### Information provided:
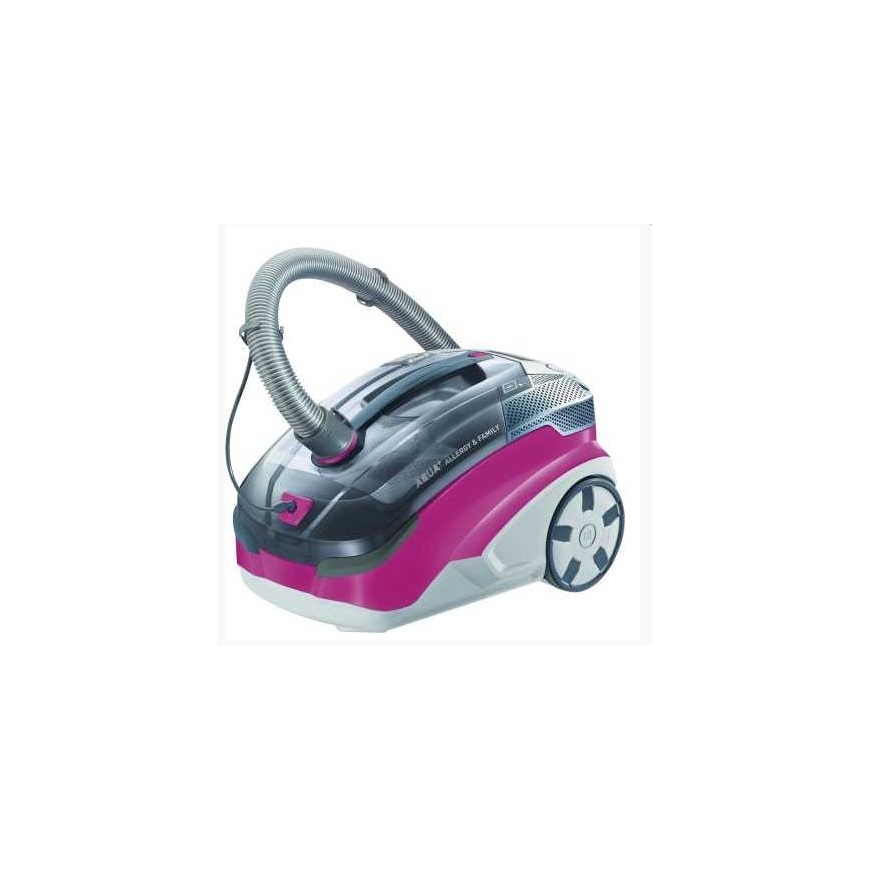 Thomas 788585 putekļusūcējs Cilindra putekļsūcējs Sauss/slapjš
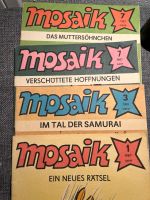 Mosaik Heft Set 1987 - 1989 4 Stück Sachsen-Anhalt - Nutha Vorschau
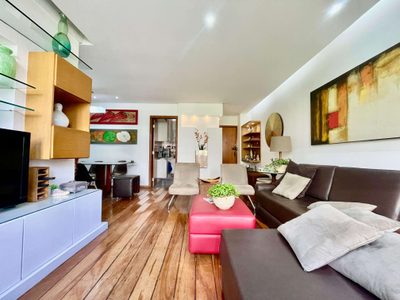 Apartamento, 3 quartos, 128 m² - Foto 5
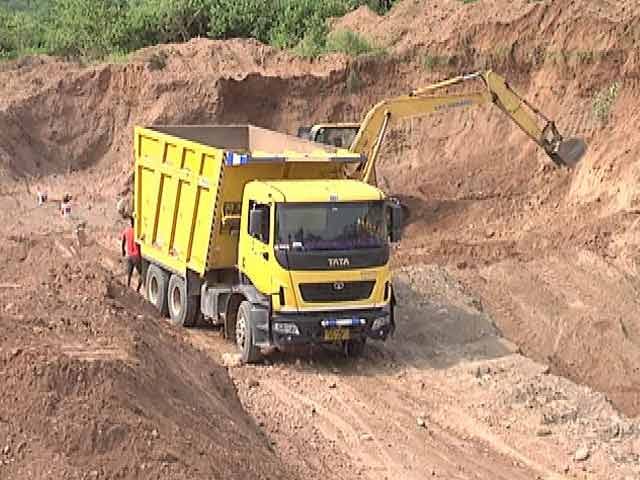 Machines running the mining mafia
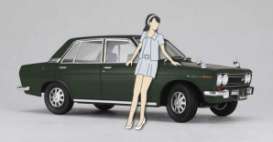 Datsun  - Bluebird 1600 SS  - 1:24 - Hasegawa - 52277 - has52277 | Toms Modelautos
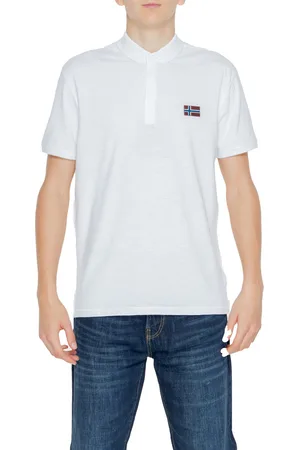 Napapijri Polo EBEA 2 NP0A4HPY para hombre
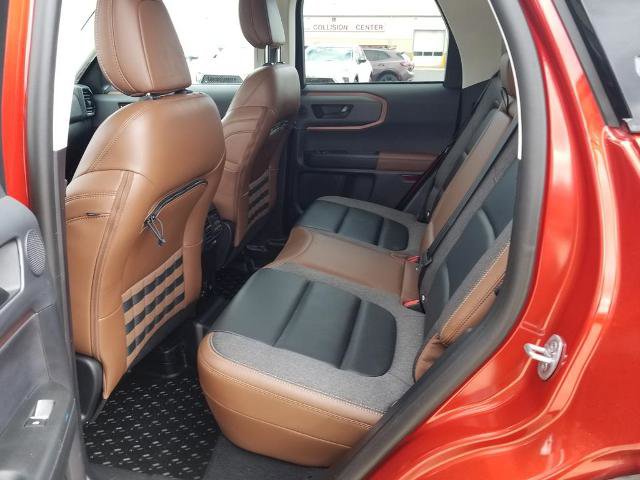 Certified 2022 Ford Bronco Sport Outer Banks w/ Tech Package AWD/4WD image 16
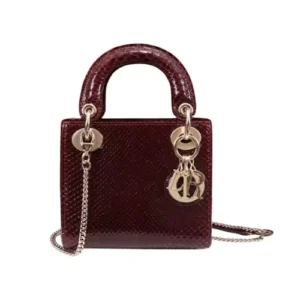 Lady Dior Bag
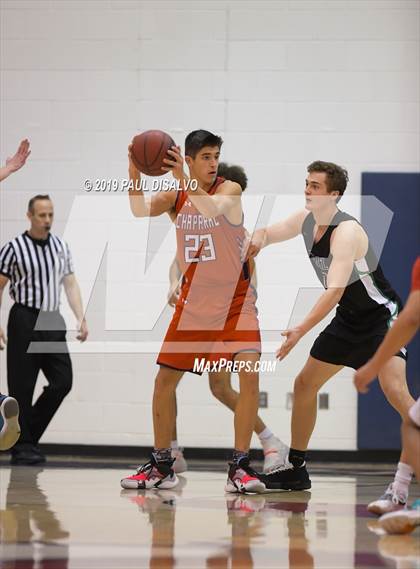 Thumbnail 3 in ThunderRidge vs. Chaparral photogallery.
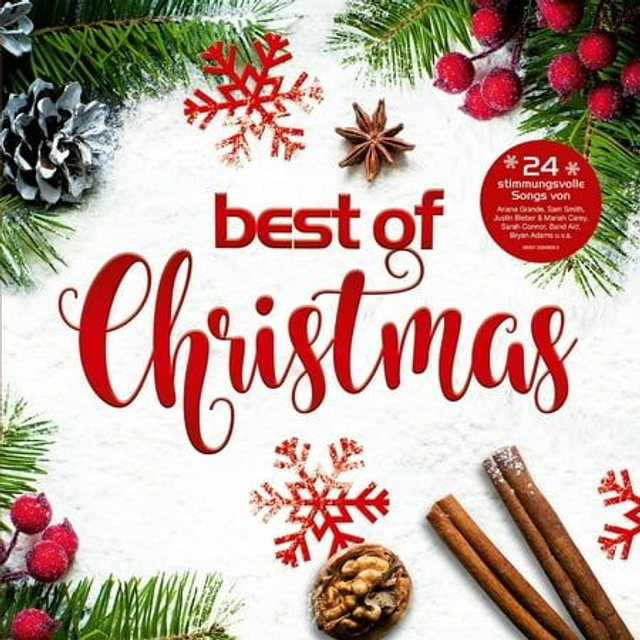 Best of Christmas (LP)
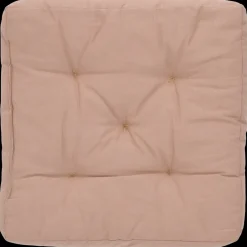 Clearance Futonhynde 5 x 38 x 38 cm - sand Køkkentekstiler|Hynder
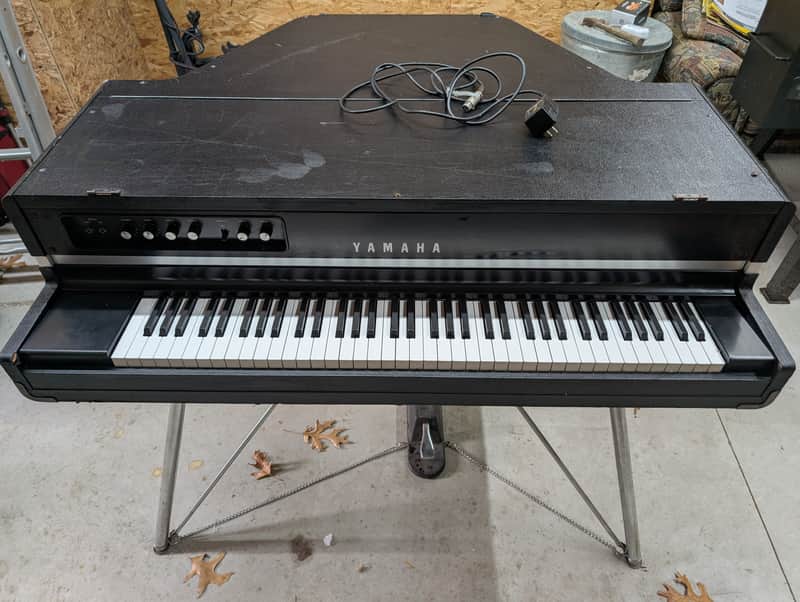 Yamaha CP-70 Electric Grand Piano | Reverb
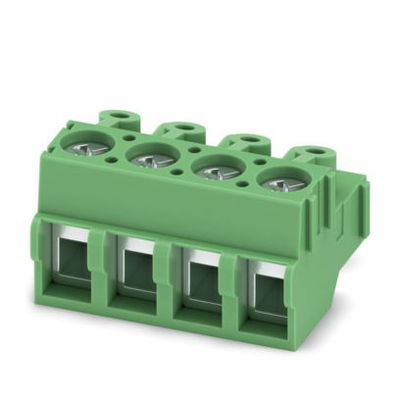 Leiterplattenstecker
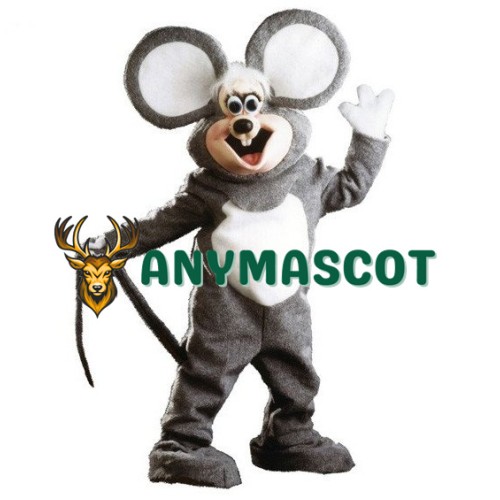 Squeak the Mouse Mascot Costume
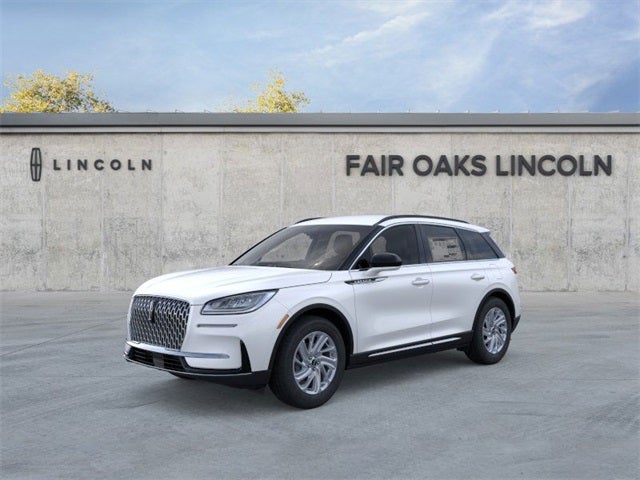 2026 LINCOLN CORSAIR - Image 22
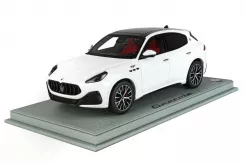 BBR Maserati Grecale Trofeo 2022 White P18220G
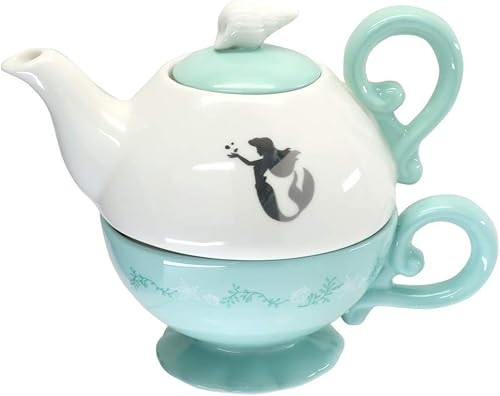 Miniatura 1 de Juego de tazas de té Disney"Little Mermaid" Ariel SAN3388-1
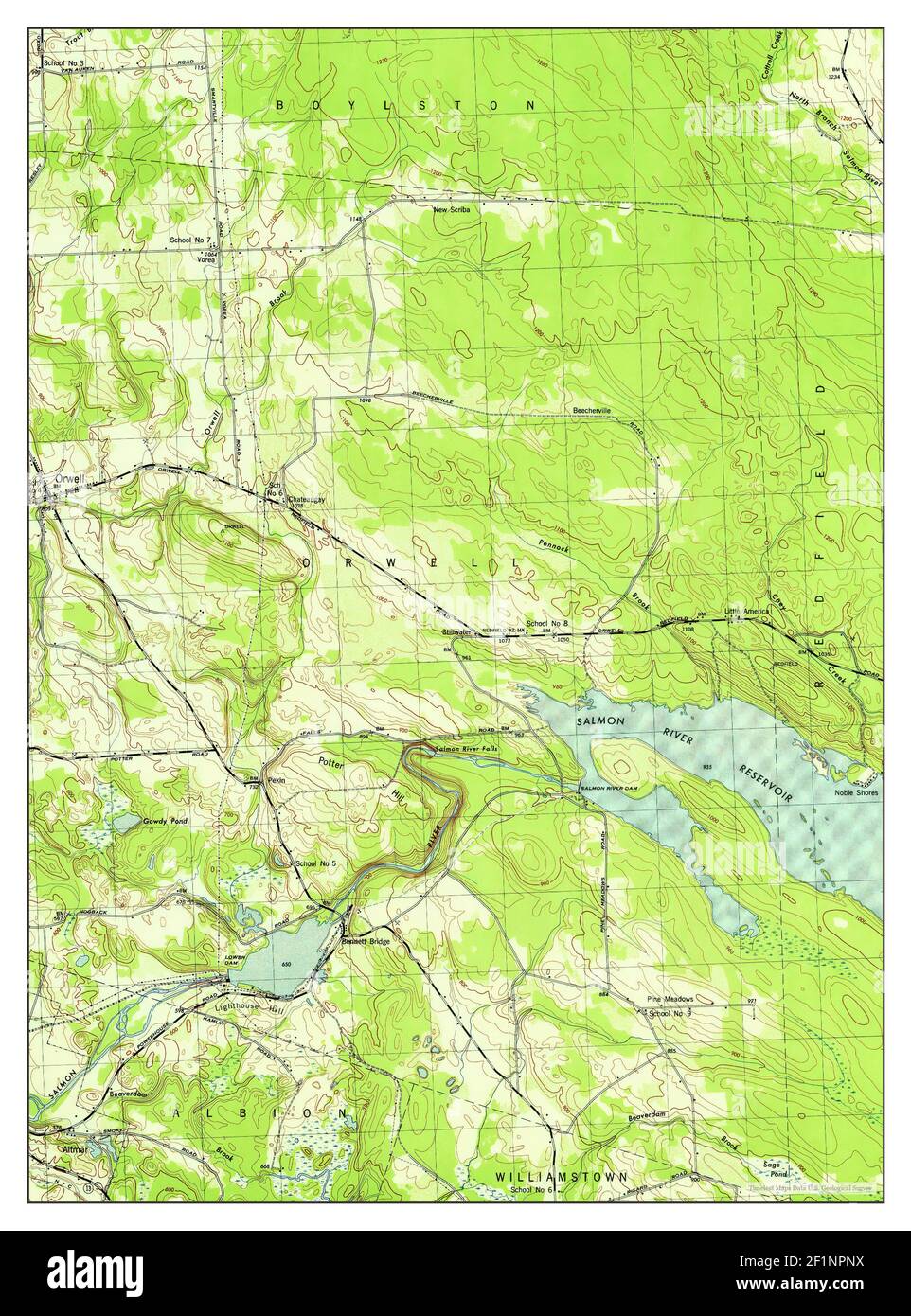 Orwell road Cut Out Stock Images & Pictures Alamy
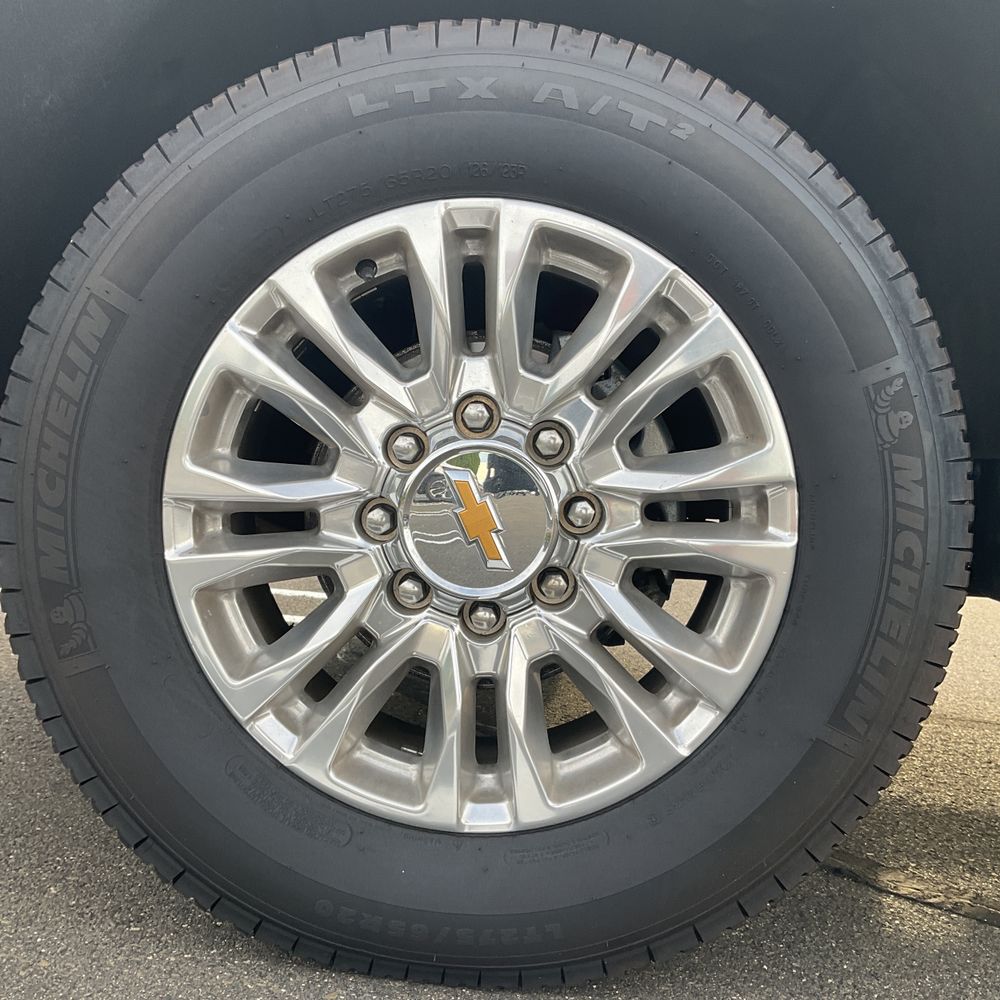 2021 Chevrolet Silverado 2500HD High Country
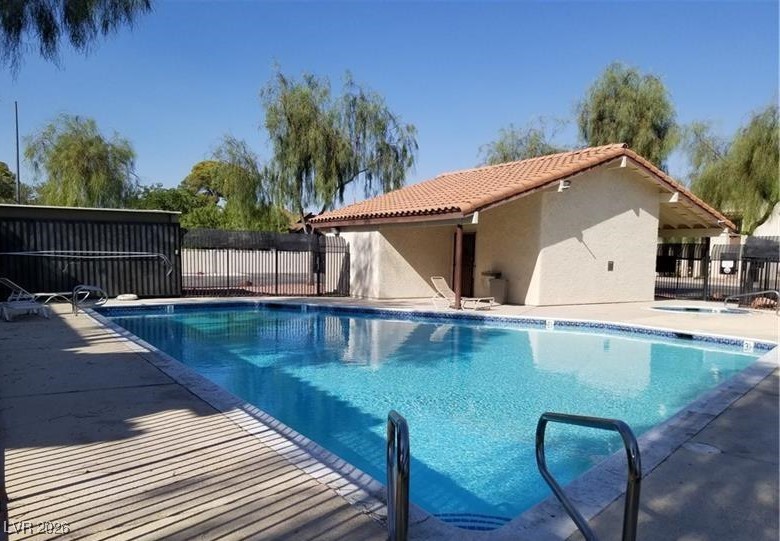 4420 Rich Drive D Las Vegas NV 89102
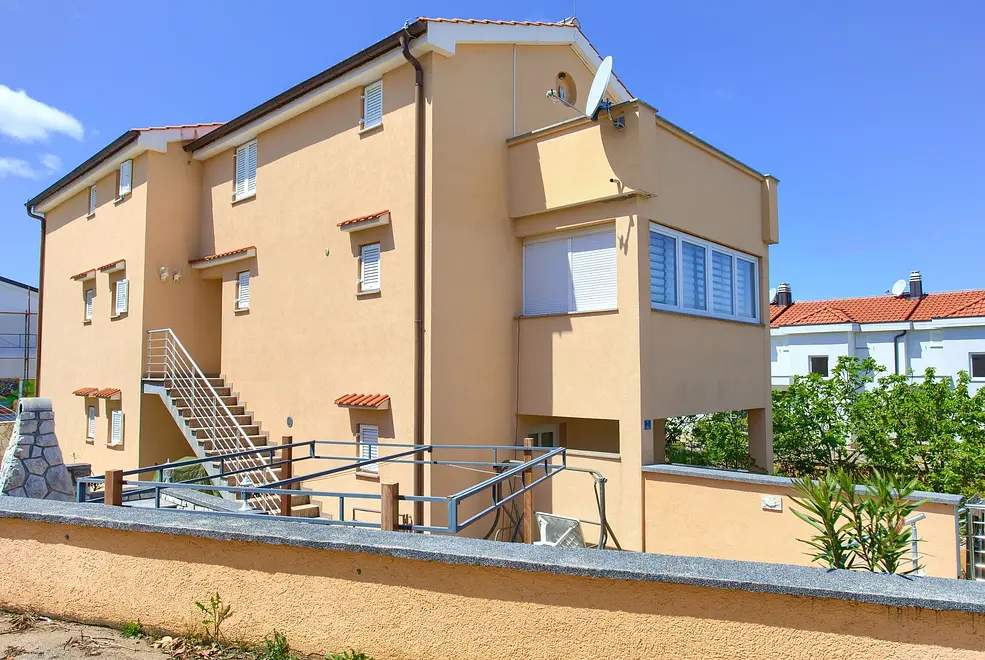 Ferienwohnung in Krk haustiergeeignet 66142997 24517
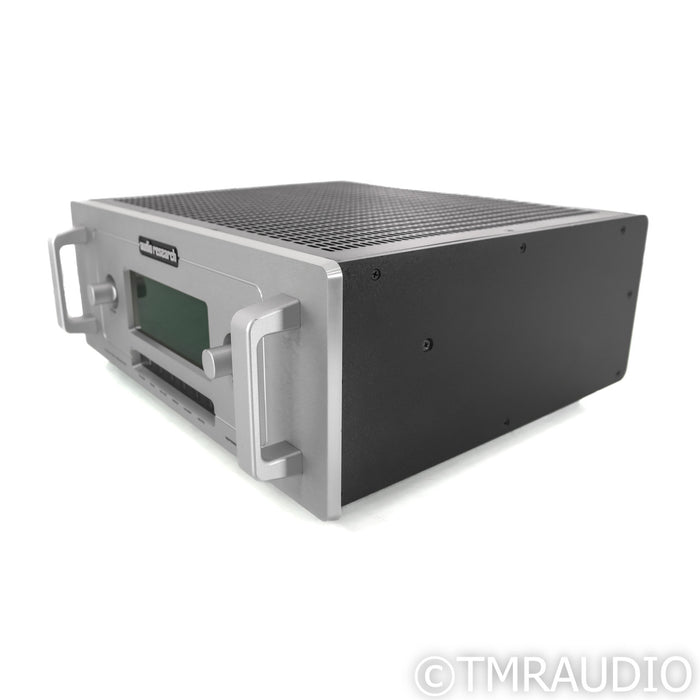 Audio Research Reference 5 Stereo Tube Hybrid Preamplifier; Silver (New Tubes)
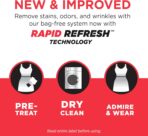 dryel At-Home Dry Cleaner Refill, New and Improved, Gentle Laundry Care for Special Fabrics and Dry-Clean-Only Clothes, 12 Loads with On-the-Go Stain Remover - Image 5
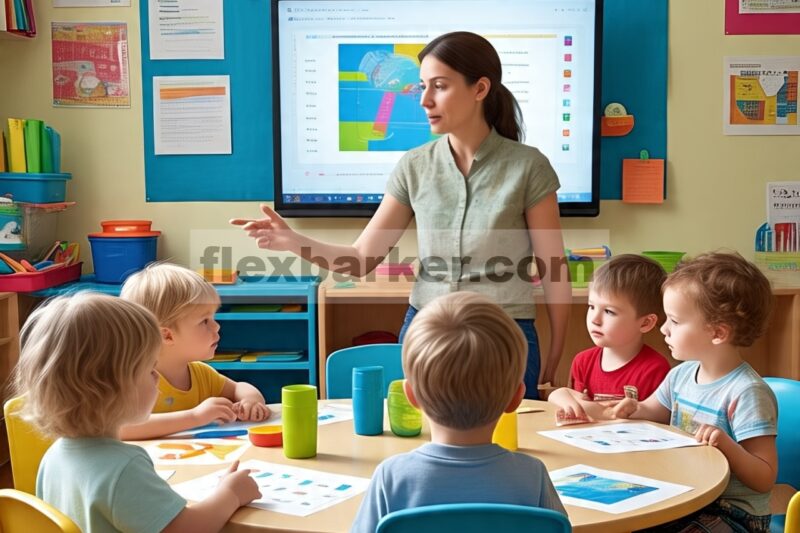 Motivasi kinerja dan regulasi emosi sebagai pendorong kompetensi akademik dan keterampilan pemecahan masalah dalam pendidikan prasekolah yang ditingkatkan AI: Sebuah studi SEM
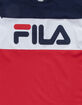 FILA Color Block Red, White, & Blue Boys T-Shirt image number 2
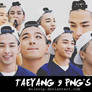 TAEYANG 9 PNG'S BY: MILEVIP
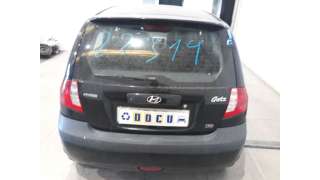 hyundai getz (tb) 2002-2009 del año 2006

### Task directions:
Exactly reproduce the lines that run from the first line of the listing above to the line containing "Audio Research Reference", including both; omit the pictures.

### Answer to the problem:
 Thomas 788585 putekļusūcējs Cilindra putekļsūcējs Sauss/slapjš
 Mosaik Heft Set 1987 - 1989 4 Stück Sachsen-Anhalt - Nutha Vorschau
 Apartamento, 3 quartos, 128 m² - Foto 5
 Machines running the mining mafia
 Datsun  - Bluebird 1600 SS  - 1:24 - Hasegawa - 52277 - has52277 | Toms Modelautos
 Napapijri Polo EBEA 2 NP0A4HPY para hombre
 Certified 2022 Ford Bronco Sport Outer Banks w/ Tech Package AWD/4WD image 16
 Lady Dior Bag
 Thumbnail 3 in ThunderRidge vs. Chaparral photogallery.
 Best of Christmas (LP)
 Clearance Futonhynde 5 x 38 x 38 cm - sand Køkkentekstiler|Hynder
 Yamaha CP-70 Electric Grand Piano | Reverb
 Leiterplattenstecker
 Squeak the Mouse Mascot Costume
 2026 LINCOLN CORSAIR - Image 22
 BBR Maserati Grecale Trofeo 2022 White P18220G
 Miniatura 1 de Juego de tazas de té Disney"Little Mermaid" Ariel SAN3388-1
 Orwell road Cut Out Stock Images & Pictures Alamy
 2021 Chevrolet Silverado 2500HD High Country
 4420 Rich Drive D Las Vegas NV 89102
 Ferienwohnung in Krk haustiergeeignet 66142997 24517
 Audio Research Reference 5 Stereo Tube Hybrid Preamplifier; Silver (New Tubes)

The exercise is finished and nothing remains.